Desperate, Francis places the bags in the pool. One bag breaks open, and Francis and Charles look on helplessly as the money inside floats to the top of the pool.

==Cast==
- Jean Gabin : Mister Charles
- Alain Delon : Francis Verlot
- Claude Cerval : Commissioner
- Maurice Biraud : Louis Naudin
- Viviane Romance : Ginette
- Carla Marlier : Brigitte
- Dora Doll : Countess Doublianoff
- Henri Virlojeux : Mario
- José Luis de Vilallonga : Mister Grimp
- Rita Cadillac : Liliane
- Anne-Marie Coffinet : Marcelle
- Jean Carmet : Barman
- Jimmy Davis : Sam
- Dominique Davray : Léone

==Production==
Screenwriter Michel Audiard came upon the novel The Big Grab by American author Zekial Marko (using the pseudonym John Trinian) through its French publisher Série noire, and suggested adapting the film to producer Jacques Bar. The French-Italian production received significant backing from MGM, who released it in the United States and other territories.

The main role of Charles was always intended for Jean Gabin, but the supporting role of Francis was initially planned for Jean-Louis Trintignant. Alain Delon heard about the project and lobbied Bar for the role, saying, "I want to make this film". Delon, gaining a reputation for films made in Italy with director Luchino Visconti, was eager to work in lighter projects with wider audience appeal, but the American producers of the film felt that Delon, unlike Gabin, was not well known outside France and Italy, and were opposed to his casting, saying, "If he wants to do the film, let him do it for free".

Delon offered a compromise, taking the film's distribution rights in certain countries instead of a straight salary. Because this had never been done before in France, this was known as "Delon's method". The gamble paid off well, with Jean Gabin later claiming that Delon earned ten times more money than him as a result. He reportedly made $125,000 from the Japanese rights alone. However, in 1965, Delon claimed "no one else has tried it since and made money".

==Reception==
The Washington Post called the film "dazzling... one of the best of its kind in years." Bosley Crowther of The New York Times said it was one of the ten best films of the year.

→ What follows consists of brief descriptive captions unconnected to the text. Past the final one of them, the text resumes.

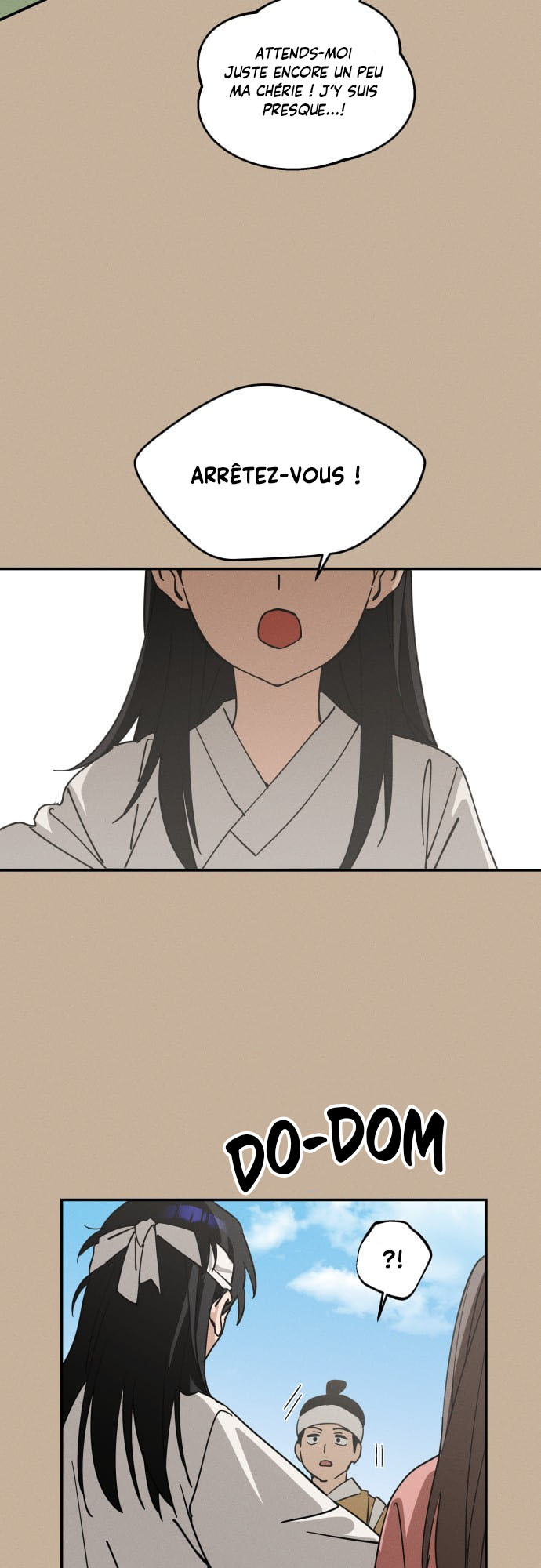 Oneul ui Hanyoil eun Yeojada Hier, j'étais Sanghyeon Kim (1) 第5页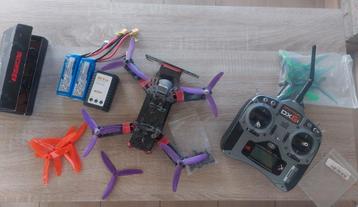 Drone eachine 250 3s, Hobby & Loisirs créatifs, Enlèvement ou Envoi, Utilisé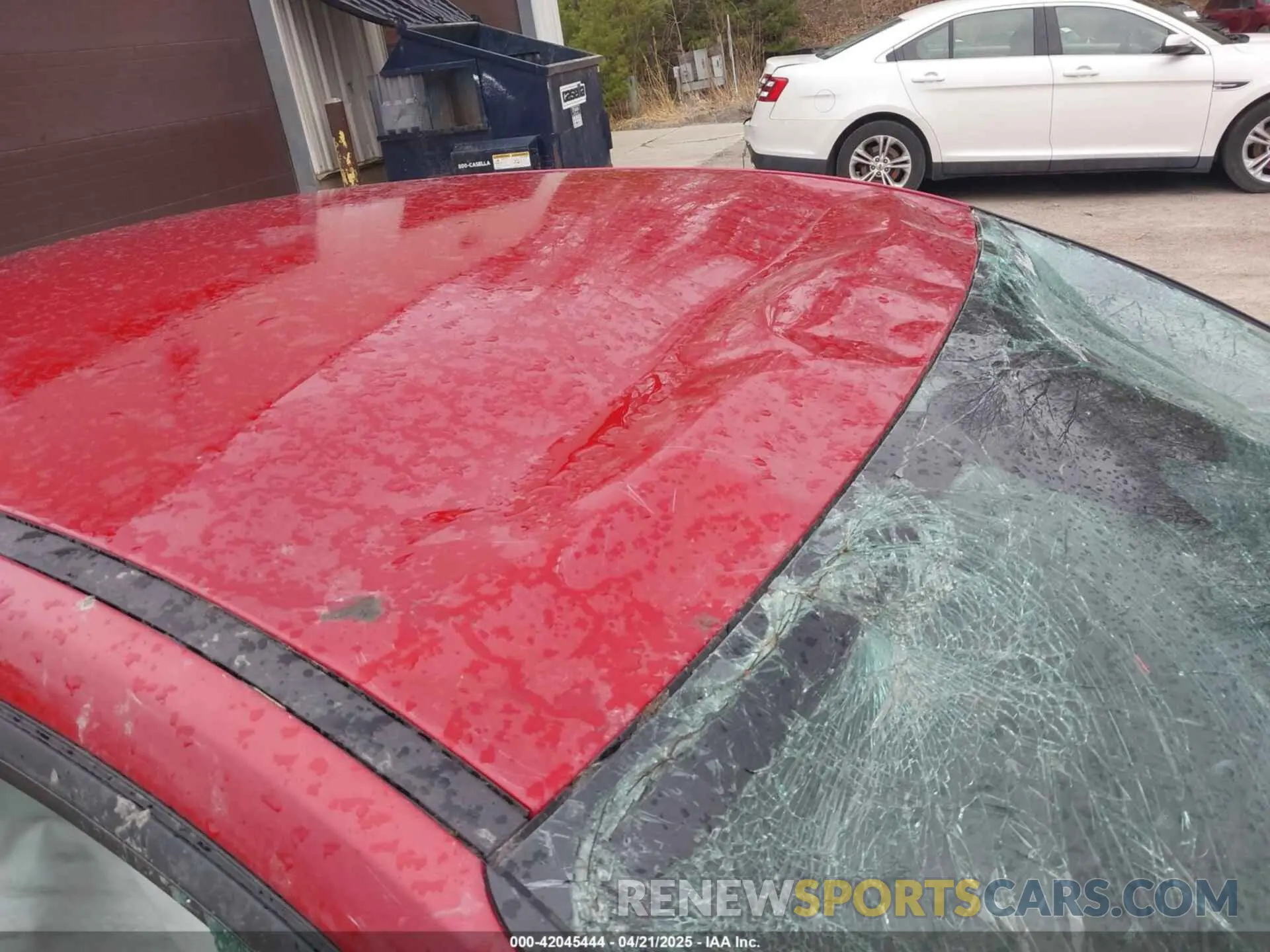 17 Photograph of a damaged car KMHLS4AG2PU443629 HYUNDAI ELANTRA 2023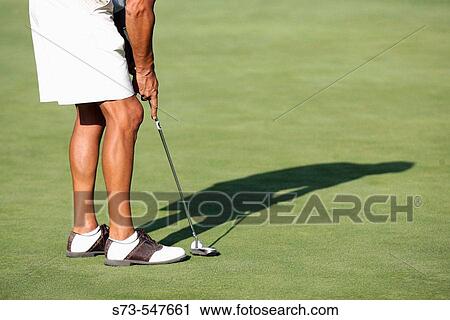 Stock Image - Golf. Fotosearch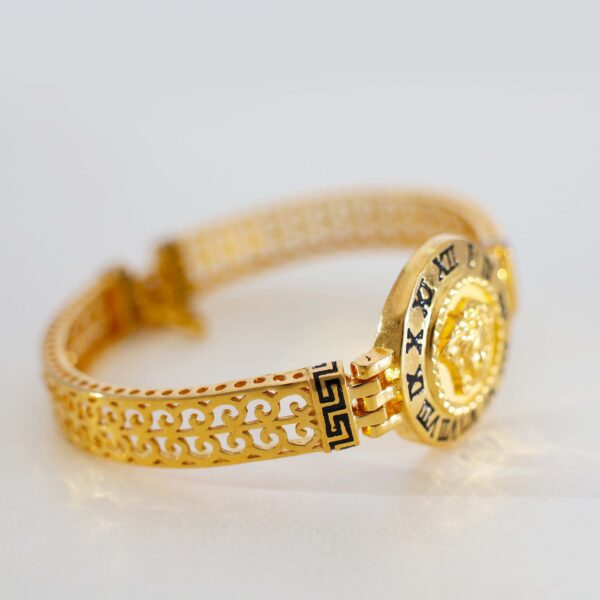 Versace Medusa Bracelet - Image 3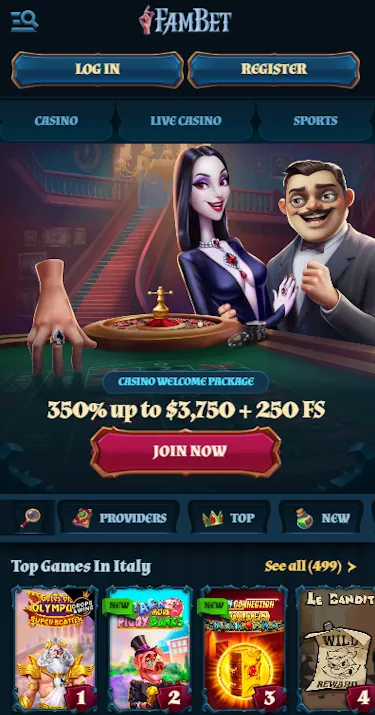 FamBet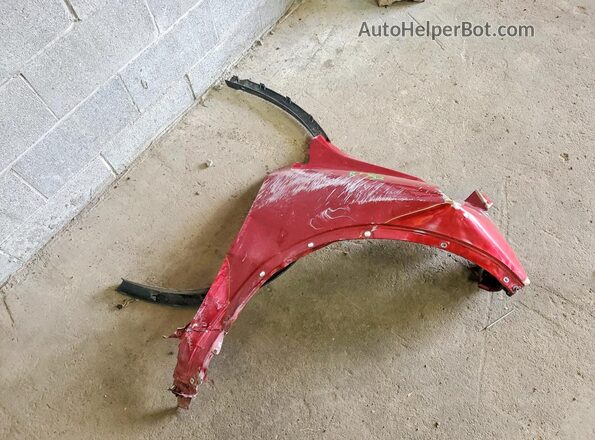 5N1AZ2CS8LN134308 2020 NISSAN MURANO Красный Вид наклейки с VIN-кодом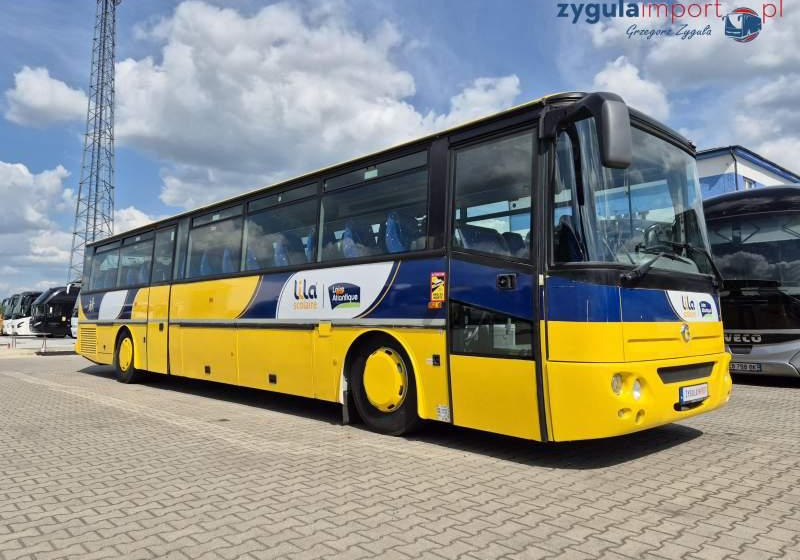 Irisbus AXER / SPROWADZONY / KLIMATYZACJA / 62 MIEJSCA - אוטובוס פרברים: תמונה 1 Irisbus AXER / SPROWADZONY / KLIMATYZACJA / 62 MIEJSCA - אוטובוס פרברים: תמונה 1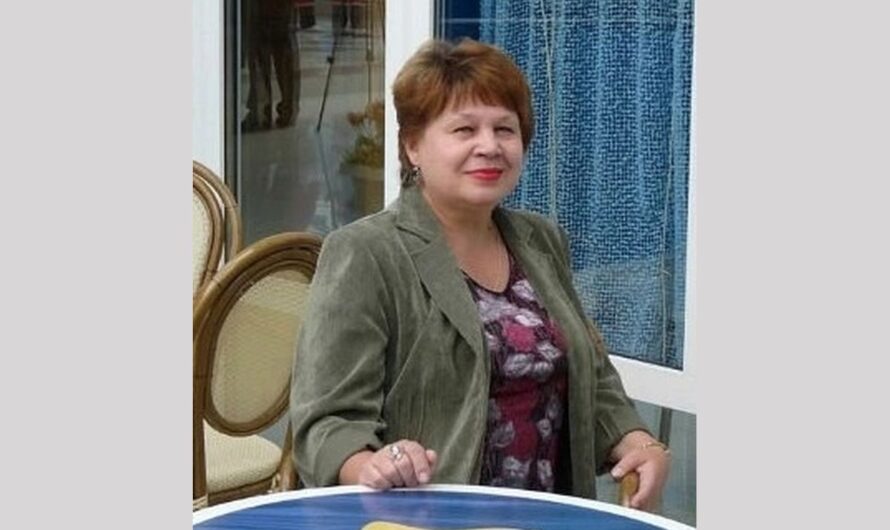 Светлана Викторовна Упорова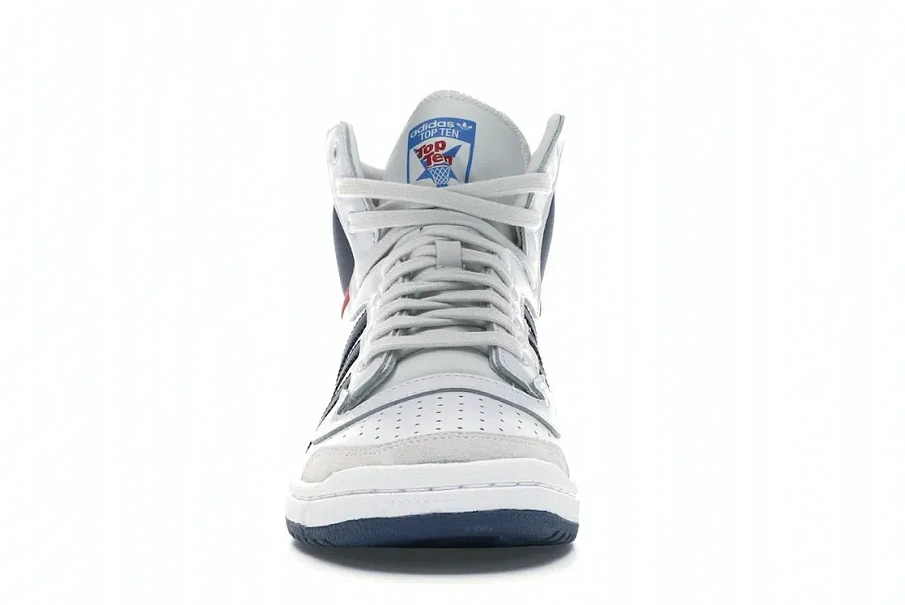 Фото № 2 с приближением к товару «‎adidas Top Ten Hi 40th Anniversary (2019)»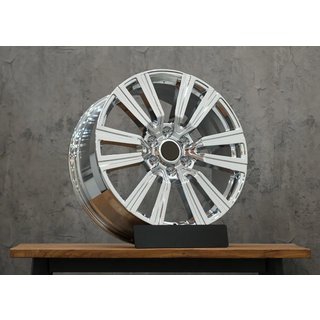 Forged OEM R21 V2 Wheels (Set of 4) Toyota Land Cruiser 300 2021- photo 1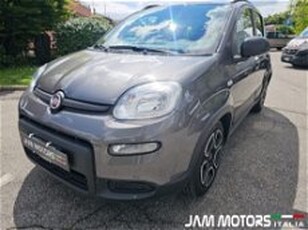 Fiat Panda 1.0 firefly hybrid s&s 70cv 5p.ti del 2021 usata a Lurate Caccivio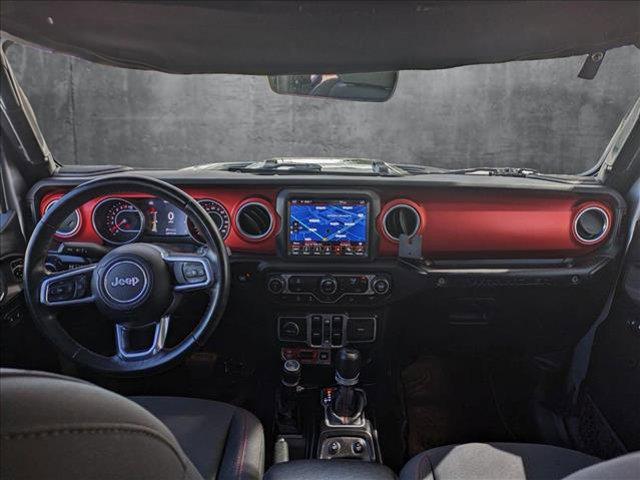 used 2018 Jeep Wrangler Unlimited car, priced at $29,000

The Mystery Writers of America gave the film an "Edgar" as the Best Foreign Movie of the year.

==Soundtrack==
The instrumental jazz score was composed by Michel Magne. An arrangement of the main title theme was recorded by American musician Jimmy Smith, and released as a single on Verve Records, which was owned by MGM at the time; it peaked at 96 on both the Billboard Hot 100 and on the Hot R&B Sides chart. Smith later released the album Any Number Can Win on Verve, which featured his recording of the movie theme with other covers and some original compositions.

==Alternate version==
A colorized version of the film was created in 1994, and aired on French television in 1996. This version ran 14 minutes shorter, with many scenes truncated but almost none completely removed. Only the black-and-white version received a U.S. DVD release, while most DVD releases in other countries have offered both the complete black-and-white version and the shorter colorized version.